„Gazeta Polska Codziennie” przeprowadziła wywiad z synem premiera Michałem Tuskiem, właścicielem firmy Aviarail i pracownikiem państwowego portu lotniczego im. Lecha Wałęsy w Gdańsku.
Dlaczego w czerwcu br. pytał Pan Marcina Plichtę „co by się stało z OLT Express, gdyby Amber Gold ogłosiło upadłość”?
W czerwcu nie miałem kontaktu z Marcinem Plichtą. Ktoś wprowadza was w błąd. Oczywiście były takie rozmowy z Frankowskim (dyrektor zarządzający OLT Express – red.). O Amber Gold mówiło się, że KNF ma je na liście i zarządza nim karana osoba. Z drugiej strony OLT to był ciekawy projekt, któremu poświęciło się wielu ludzi z branży.
Czyli rozmawiał Pan o tym z Frankowskim?
Tak, rozmawiałem.
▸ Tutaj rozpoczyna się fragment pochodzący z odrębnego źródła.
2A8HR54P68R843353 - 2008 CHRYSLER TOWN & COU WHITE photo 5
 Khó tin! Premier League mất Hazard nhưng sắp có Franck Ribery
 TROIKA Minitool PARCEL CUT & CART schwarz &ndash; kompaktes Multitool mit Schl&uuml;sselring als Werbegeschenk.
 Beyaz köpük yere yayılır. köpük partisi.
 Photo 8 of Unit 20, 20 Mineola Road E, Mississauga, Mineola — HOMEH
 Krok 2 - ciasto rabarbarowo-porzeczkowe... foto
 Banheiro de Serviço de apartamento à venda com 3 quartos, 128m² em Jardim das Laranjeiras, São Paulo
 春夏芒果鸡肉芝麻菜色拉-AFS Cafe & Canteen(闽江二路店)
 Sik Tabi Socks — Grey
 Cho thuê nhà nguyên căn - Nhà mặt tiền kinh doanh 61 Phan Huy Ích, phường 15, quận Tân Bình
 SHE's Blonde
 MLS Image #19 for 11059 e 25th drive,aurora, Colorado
Pytałem, czy OLT ma silne podstawy i czy czują się pewnie na wypadek sytuacji, gdyby doniesienia na temat Marcina Plichty się potwierdziły. Chciałem wiedzieć, czy byłoby to zagrożenie dla działalności OLT. To oczywiste, że mnie to interesowało. To była kluczowa rzecz, czy to działa, czy nie. Ale na pewno rozmawiałem o tym z Frankowskim, nie z Plichtą.
Cała rozmowa w sobotnio- niedzielnym wydaniu "Gazety Polskiej Codziennie"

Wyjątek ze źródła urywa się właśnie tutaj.